• _PROVIDED DATA_

====

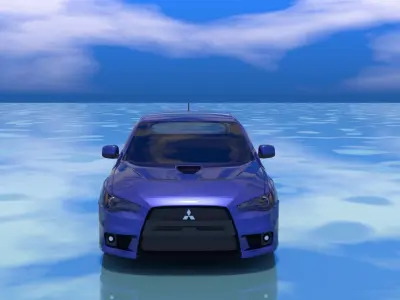 Lancer Evolution Sports car 3D Model Low-poly 3D model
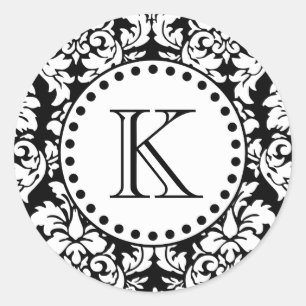 Sticker Rond Motif noir blanc Damas Monogramme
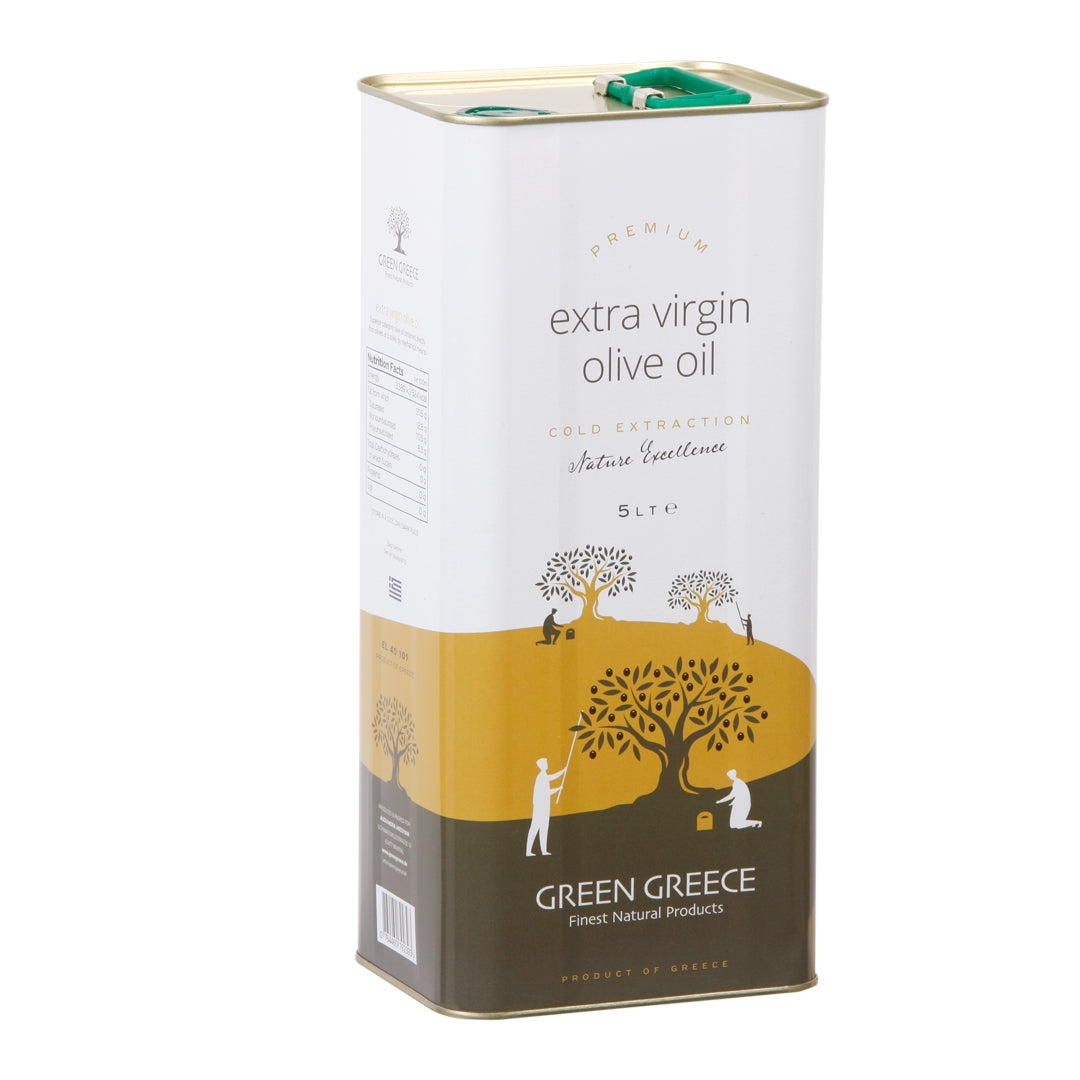 5-Liter-Kanister GREEN GREECE extra natives Olivenöl, kalt extrahiert, mit stilisiertem Olivenbaum-Design auf der Verpackung.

====

• _EXERCISE AIM_
Copy the material above in full and exactly, skipping pictures.

• _SOLUTION BELOW_
 Lancer Evolution Sports car 3D Model Low-poly 3D model
 Sticker Rond Motif noir blanc Damas Monogramme
 5-Liter-Kanister GREEN GREECE extra natives Olivenöl, kalt extrahiert, mit stilisiertem Olivenbaum-Design auf der Verpackung.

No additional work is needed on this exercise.